* _WORK TASK_
What should you transcribe? Every line from the top of the records below through the line with "Venus Chan Nigerian", exactly, and no pictures.

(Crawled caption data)
◇ ◇ ◇ ◇ ◇

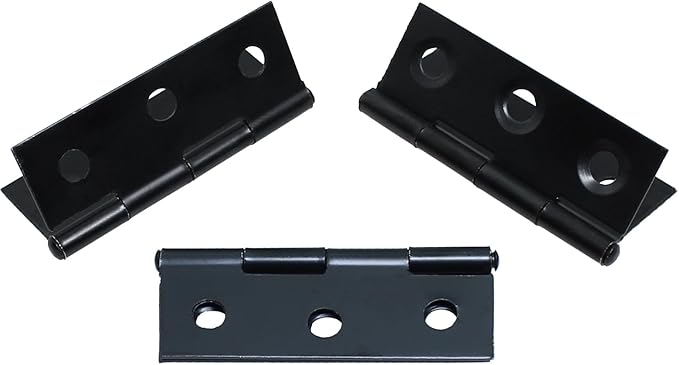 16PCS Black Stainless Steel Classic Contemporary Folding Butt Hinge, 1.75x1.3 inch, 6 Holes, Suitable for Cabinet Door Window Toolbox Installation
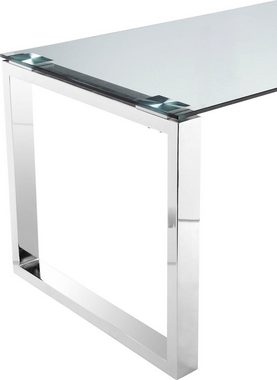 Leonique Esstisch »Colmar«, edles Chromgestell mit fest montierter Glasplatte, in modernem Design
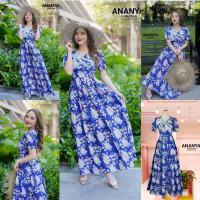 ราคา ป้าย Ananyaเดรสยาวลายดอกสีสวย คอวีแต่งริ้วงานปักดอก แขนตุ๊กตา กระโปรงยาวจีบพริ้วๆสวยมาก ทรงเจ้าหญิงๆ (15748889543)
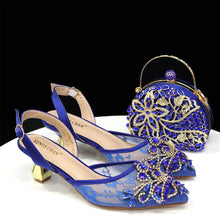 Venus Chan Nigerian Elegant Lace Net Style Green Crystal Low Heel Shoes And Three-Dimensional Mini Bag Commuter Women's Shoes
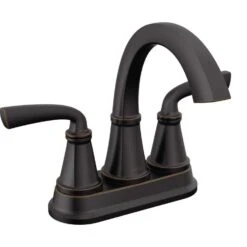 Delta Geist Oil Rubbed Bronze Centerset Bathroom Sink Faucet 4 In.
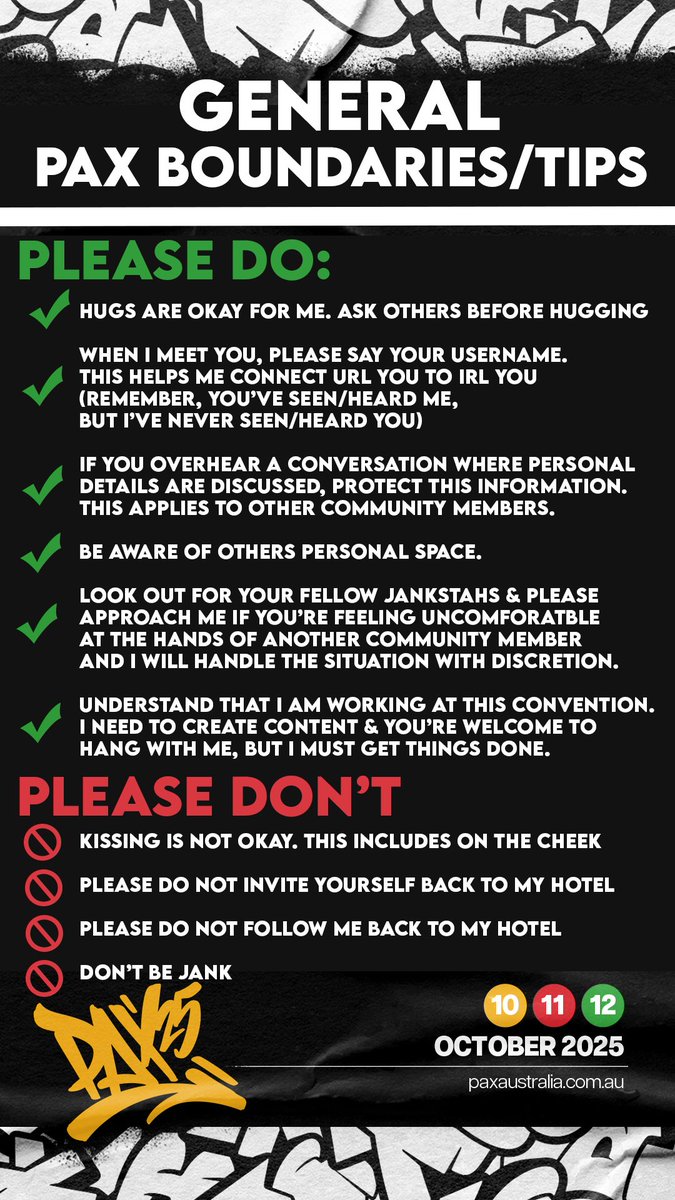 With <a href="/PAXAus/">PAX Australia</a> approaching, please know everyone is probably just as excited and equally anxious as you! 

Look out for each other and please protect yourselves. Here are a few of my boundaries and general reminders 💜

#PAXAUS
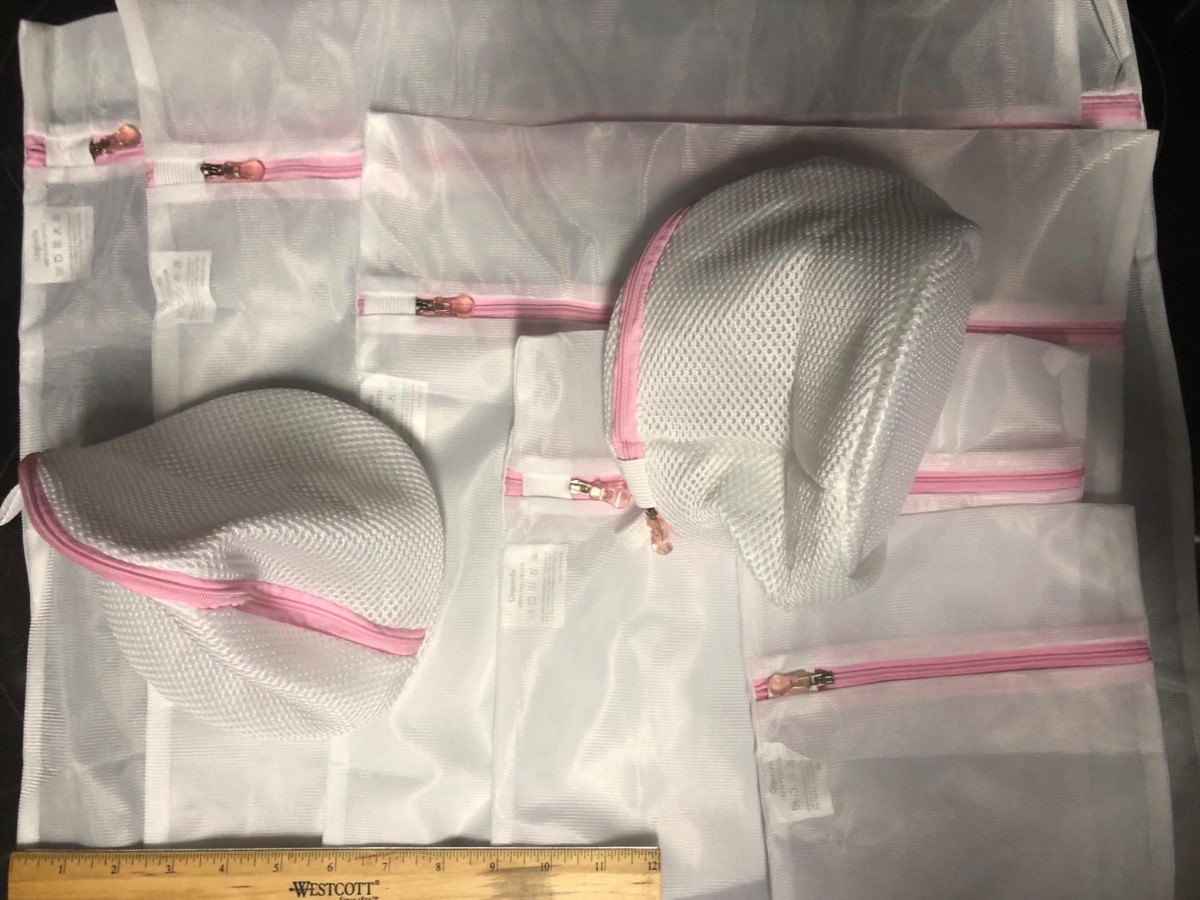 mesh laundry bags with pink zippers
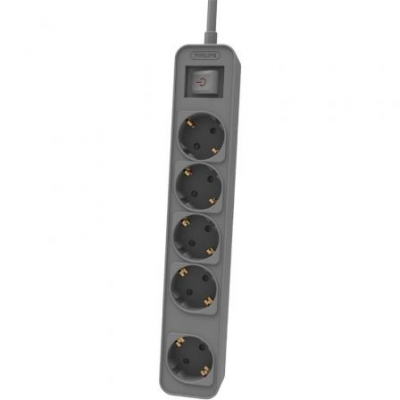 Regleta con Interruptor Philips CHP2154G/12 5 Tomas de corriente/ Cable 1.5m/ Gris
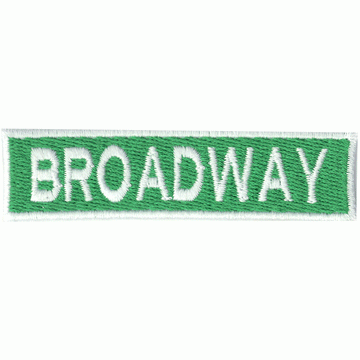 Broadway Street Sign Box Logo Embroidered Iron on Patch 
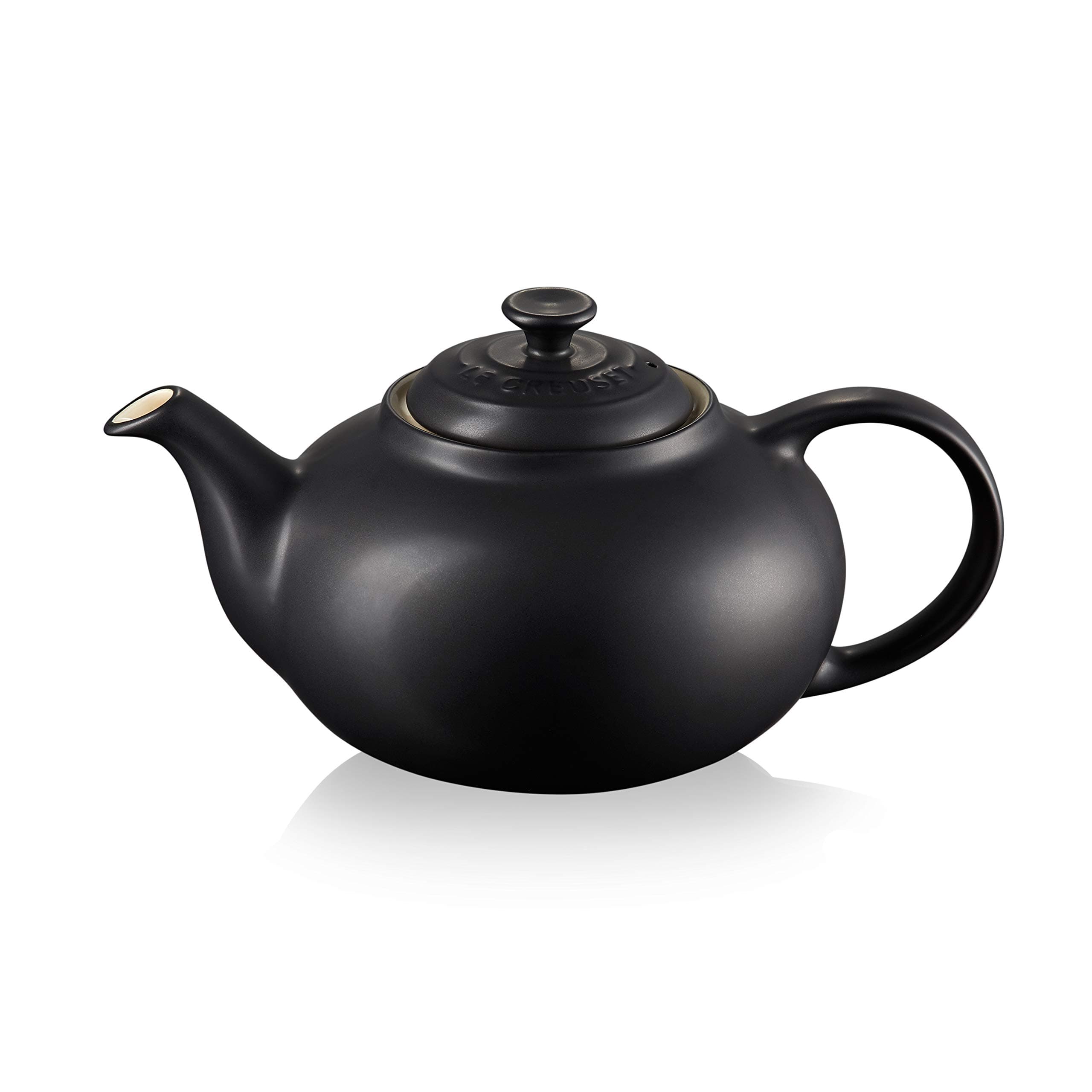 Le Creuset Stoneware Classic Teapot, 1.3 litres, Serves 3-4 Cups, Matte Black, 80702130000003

◇ ◇ ◇ ◇ ◇

* _ANSWER_
 16PCS Black Stainless Steel Classic Contemporary Folding Butt Hinge, 1.75x1.3 inch, 6 Holes, Suitable for Cabinet Door Window Toolbox Installation
 Leonique Esstisch »Colmar«, edles Chromgestell mit fest montierter Glasplatte, in modernem Design
 ราคา ป้าย Ananyaเดรสยาวลายดอกสีสวย คอวีแต่งริ้วงานปักดอก แขนตุ๊กตา กระโปรงยาวจีบพริ้วๆสวยมาก ทรงเจ้าหญิงๆ (15748889543)
 Venus Chan Nigerian Elegant Lace Net Style Green Crystal Low Heel Shoes And Three-Dimensional Mini Bag Commuter Women's Shoes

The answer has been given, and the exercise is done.